How to Assist a Loved One Through Anxiety

Anxiety can be a crippling experience and I can recall a few episodes where my wife called me from the grocery store in a panic. Usually she was in the aisle and something set her off, where she began to feel closed in, heart racing, hyper-aroused and panicky.

It’s a situation where the fight/flight system has become excessively active and often is locked in a pattern of distress. It’s like being in a car and revving the engine and continuing to pin your foot on the gas.

To assist someone quickly, there are 3 things I tend to have them focus on:

1) Their breath

2) Reassuring them that I hear their concerns

3) Something in their environment they are certain about

I’ve encountered hundreds of instances where there was a panic attack happening, and I’ve found those strategies to be very helpful and available in the times where someone needs a helping hand to work through their struggles.

Focus on their breath.

Whenever someone is in a panic, whether it be my wife, or a patient, the first thing that it brings about is instant presence and calm.

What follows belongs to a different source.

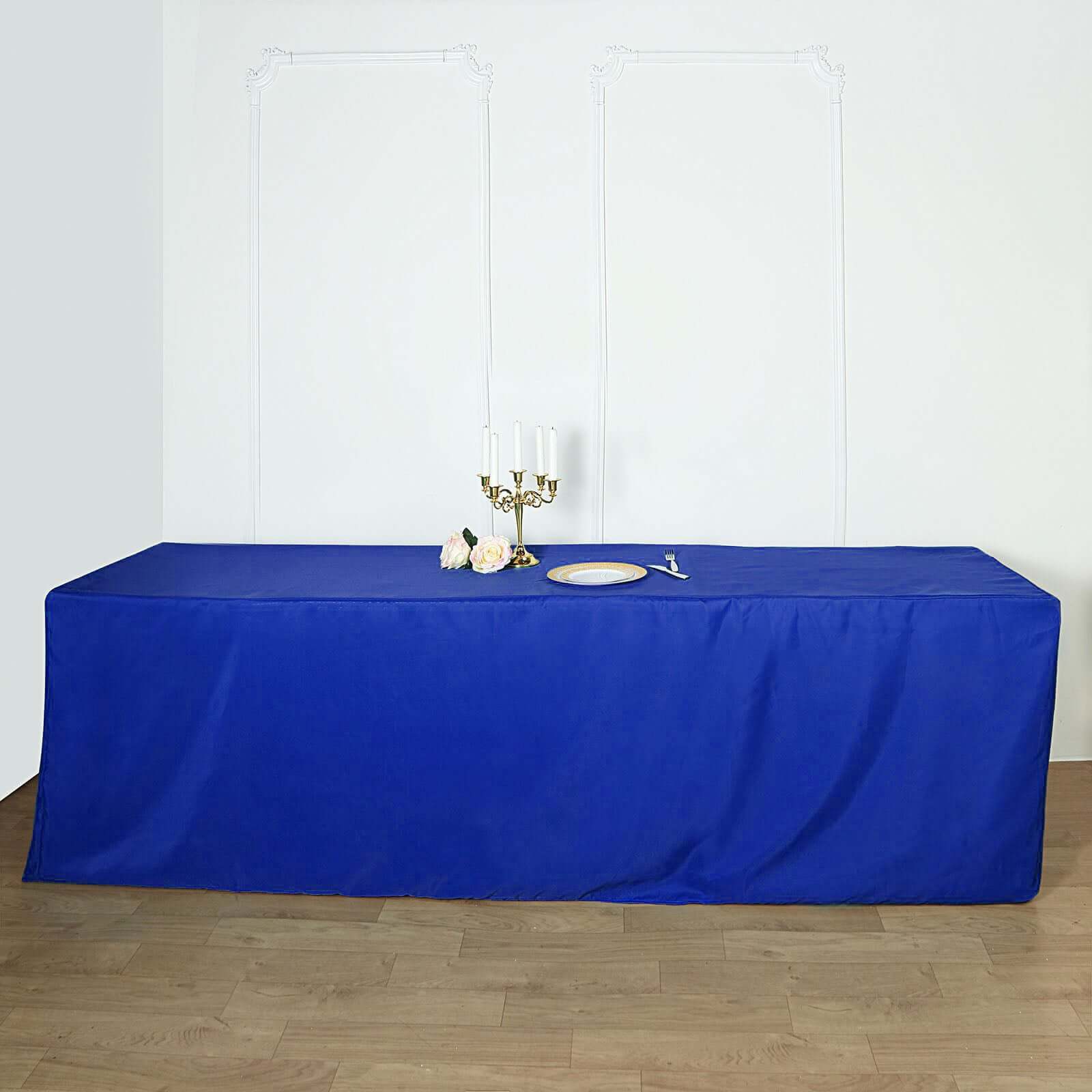 Fitted Polyester 96"x30" Rectangle Tablecloth Royal Blue - Durable and Easy to Maintain Table Cover - NestOCart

It allows them and gives them the contrast to slowly let their foot off their own gas pedal. If they are in a state of panic, I balance things out with an external state of calm. I quickly tend to guide people directly to their breath. Get them to stop talking if they can and focus their attention on the breath. The breath of in the nose and out the mouth is a grounding breath; a stabilizer of sorts. If you can guide them to pace their breath of 3-5 seconds in, and 3-5 seconds out, that is most beneficial. “Breath in, one-two-three-four-five, breath out, one-two-three-four-five”

Repeat the last few words.

I’m also listening very carefully to what they are saying, and often times reiterating that back to them the last few words of their sentence so they know I hear them. “Steve, I’m freaking out right now..” “You’re freaking out right now…okay…breathe for a moment..”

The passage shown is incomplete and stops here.